Les entreprises compétentes auxquelles on peut faire appel se situent sur un continuum sectoriel, allant de l’informel au structuré. D’un côté, on retrouve de simples fournisseurs de main d’œuvre pour l’entretien courant, ne possédant que des outils légers et des bicyclettes. À l’autre extrême se trouvent des sociétés dotées d’un personnel hiérarchisé et possédant des compétences techniques et en gestion, et d’un parc de matériel léger, capables à exécuter des projets d’envergure de préférence à base de main-d’œuvre. Entre ces deux pôles on pourra trouver des groupements semi-structurés d’artisans qui s’occupent de la construction et de la réparation des structures de drainage et assurent la main-d’œuvre en sous-traitance dans les grands projets.
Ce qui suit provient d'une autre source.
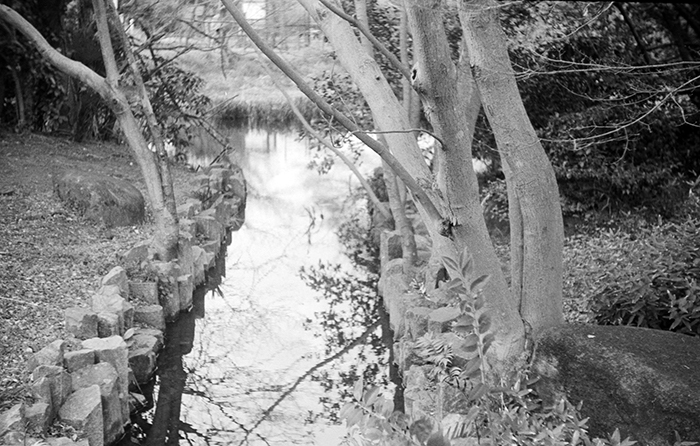 f:id:aremo-koremo:20170424151311j:plain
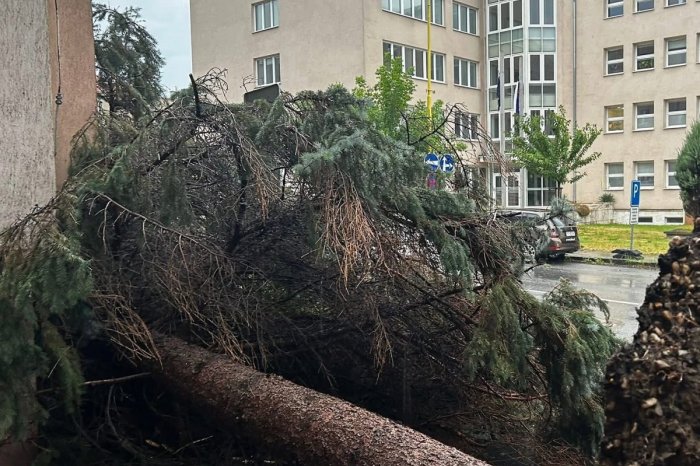 Ilustračný obrázok k článku MIMORIADNA situácia v Prešove: Mesto zasiahla SILNÁ búrka, vietor strhol stromy aj strechy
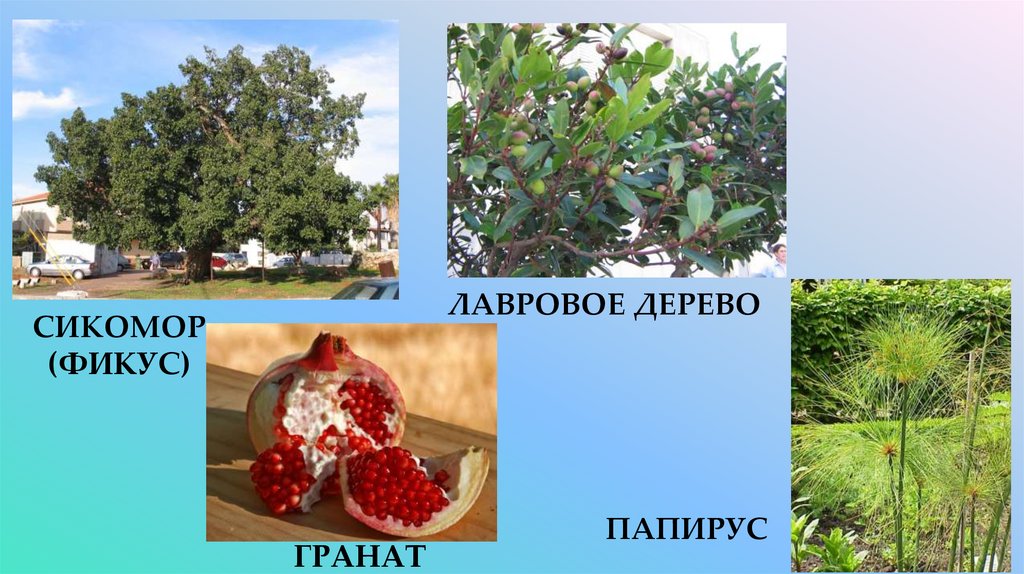 сикомор (фикус)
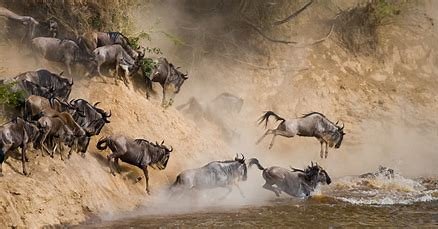 Safari "La Gran Migaración", ñus cruzando el río Mara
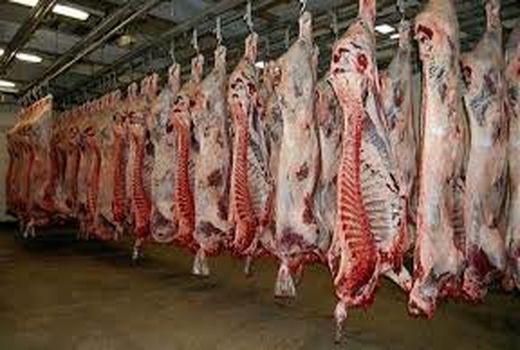 خرید حمایتی و تضمینی گوشت قرمز مازاد دامداران خوزستان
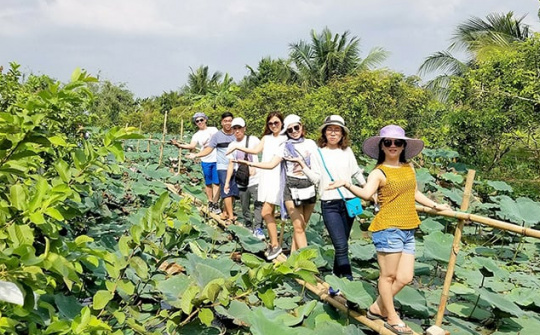 Đánh giá các nhân tố ảnh hưởng đến sự phát triển du lịch sinh thái ở huyện Phong Điền, thành phố Cần Thơ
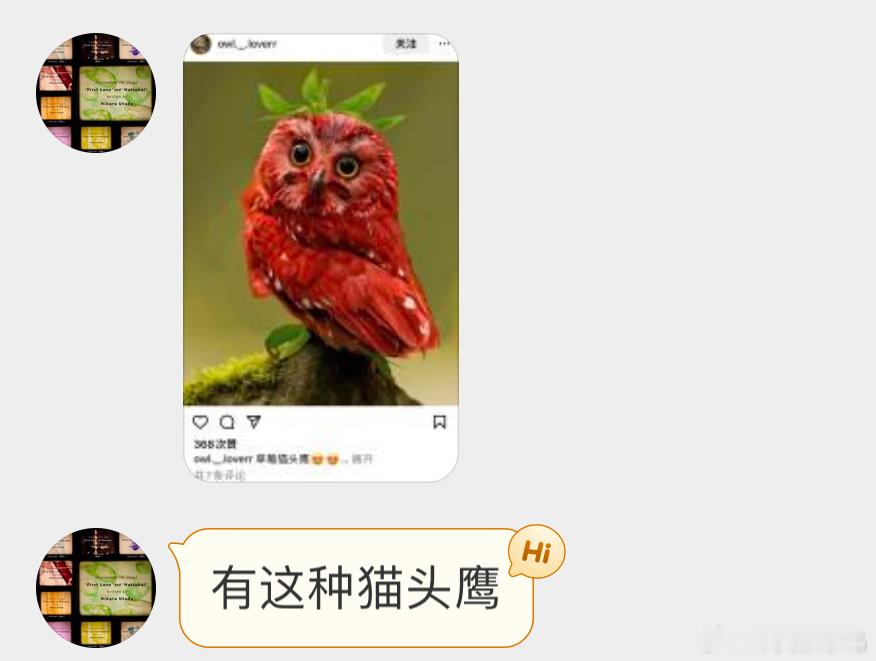 是棕榈鬼鸮🦉只不过颜色是P的 ​​​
Le problème c’est que ces entreprises, ainsi que les structures pour les gérer, manquent encore en milieu rural. S’il est relativement facile de mener à bien, avec un encadrement serré, un projet de construction routière, il est très difficile de garantir cette durabilité qui ne peut être assurée que par la prise en charge locale. La préparation de ces projets est ardue, tant au niveau de la formation que du renforcement des structures pour ensuite exploiter les compétences acquises, soit sur le prolongement du même chantier, soit ailleurs sur d’autres projets. La formation des groupements informels ne nécessite que quelques jours, essentiellement sur le tas. Pour les travaux plus complexes, par contre, les besoins en formation théorique et sur le tas grimpent rapidement, et peuvent s’étaler sur plusieurs mois. La formation ne peut seule assurer l’émergence et la survie subséquente des entreprises durables. En même temps il faut prévoir des programmes parallèles permettraient de cibler les entraves à la survie des ses entrepreneurs du côté de la demande puisque a demande pour les entreprises de construction est généralement très faible en milieu rural. Il faut donc promouvoir la polyvalence pour qu’elles puissent accepter d’autres travaux, tels que la construction de maisons, d’écoles ou de dispensaires complémentaires aux réseaux routiers. Dans la même veine, il ne faut pas exécuter les projets routiers en vase clos, mais les situer dans un programme de réhabilitation d’un réseau extensif. On conserve ainsi les acquis en formation et on assure une demande stable pour les entreprises.
La demande dans le secteur est fort volatile et l’accès au crédit est vital pour traverser les périodes tranquilles. Les administrations payent très tardivement leurs factures, créant le besoin de crédit supplémentaire à court terme. Toutefois, la prudence est de rigueur si on veut appuyer les organismes de financement. Il faut plutôt s’attaquer à la racine en réduisant le besoin d’emprunter. Il faut donc décourager les tendances aux investissements excessifs des entrepreneurs, en appuyant, par exemple, la diffusion de la technologie à base de main-d’œuvre et par l’aide à l’achat d’engins légers et polyvalents afin qu’on peut facilement entreprendre d’autres travaux. Il faut en même temps exiger la mise en place de procédures administratives rapides et transparentes, surtout quand on a affaire avec le secteur informel, qui risque davantage de perdre ses employés, et donc, les bienfaits de la formation. Les retards des paiements peuvent même avoir des effets pervers pour une stratégie favorisant l’emploi. On risque non seulement de perdre à jamais les bonnes entreprises, mais on peut arriver à les obliger à acheter des engins totalement amortis et bon marché, plus facile à gérer que la main-d’œuvre découragée.
Il va sans dire qu’il faut s’assurer que les procédures d’appels d’offres permettent à toute entreprise, grande ou petite, de se livrer une concurrence égale. Il faut aussi promouvoir la sous-traitance locale sur des grands projets. Finalement, le gouvernement doit éliminer l’ensemble des anomalies fiscales et législatives qui entravent la concurrence et, en encourageant la fraude, exacerbent la vulnérabilité des entreprises les plus honnêtes.